Pour lui, les livres ont toujours leur place, même si ses ventes sont quasiment tombées à zéro.
Pouvoir de persuasion
Fini le temps où son entreprise Pioneer House comptait une vingtaine de démarcheurs, tous originaires d'Asie. John Gunti dirigeait alors une équipe de quatre personnes et prenait des commissions sur leurs ventes.
Cette période faste a pris fin il y a deux ans avec la chute des recettes pétrolières de l'Arabie saoudite et le début des difficultés économiques pour ce pays. «La demande a baissé», déplore M. Gunti, qui ne poursuit plus son activité qu'avec un unique employé chez Pioneer House.
Il vit des 25% de commission qu'il encaisse sur chaque vente de la World Book Encyclopedia, au prix de 2.000 riyals (488 euros).
Il propose aussi la collection plus coûteuse de l'Encyclopedia Britannica, ainsi que des encyclopédies pour enfants et des programmes éducatifs multimédia, en frappant jusqu'aux portes des écoles.
«Il y a eu des moments où je vendais cinq ou six encyclopédies par mois», se rappelle M. Gunti, des lunettes vissées sur le haut de la tête. «L'idéal, c'était de conclure une vente sur cinq présentations». Maintenant, il faut 100 démarchages pour réaliser une vente et donc «plus d'efforts pour rencontrer plus de gens».
Moment difficile
Dans le quartier d'affaires de Ryad, John Gunti passe son temps à courir d'une tour à une autre, avenue Olaya ou boulevard King Fahad.
L'expérience l'a aguerri. «Lorsque je rentre dans un bureau, je ne m'adresse pas à n'importe qui», dit cet anglophone qui parle un peu l'arabe. En abordant un client potentiel, «je me présente d'une manière amicale» avant d'engager avec lui une discussion pour avoir «une idée sur ses enfants, leurs âges et tout le reste».
Ses meilleurs clients sont les Syriens, les Egyptiens et les Palestiniens, nombreux parmi les millions d'expatriés vivant dans le royaume saoudien.
Mais «tout dépend de la façon dont vous faites votre présentation», confie M. Gunti. «Le client achète à cause du vendeur - pas à cause du produit, pas à cause de l'entreprise. C'est une question de confiance».
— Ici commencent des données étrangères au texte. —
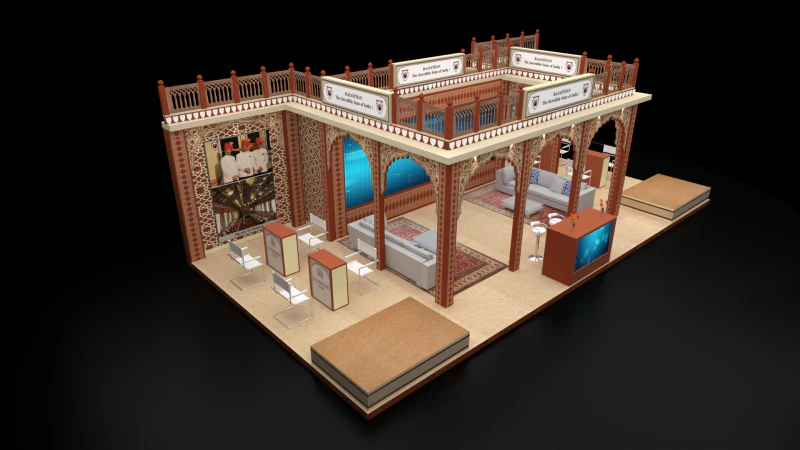 Exhibition Stand 10x5 3Sides D3V1 3D Model .c4d .max .obj .3ds .fbx .stl .blend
Il voit la prospection «comme un jeu». «L'affaire doit être conclue sur le champ, il n'y a pas de seconde chance», dit-il.
D'autant que chaque client s'interroge sur l'opportunité d'acheter l'encyclopédie alors qu'une version électronique est disponible sur internet. M. Gunti répond: «Un livre est plus confortable» et «a sa place» dans une bibliothèque.
Porté par sa passion d'aider des enfants à apprendre, il estime qu'existe toujours un «grand marché» pour les livres.
Mais l'impact des difficultés économiques du royaume saoudien pèse. «C'est un moment difficile pour moi», admet M. Gunti, qui «ne peut plus envoyer d'argent» à sa femme et à ses deux filles restées à Hyderabad, en Inde.
«Ce mois-ci, je ne gagnerai que 2.000 rials. Parfois, je n'ai gagné que 1.500 rials» (370 euros), dit-il, en se demandant comment il pourra tenir le coup.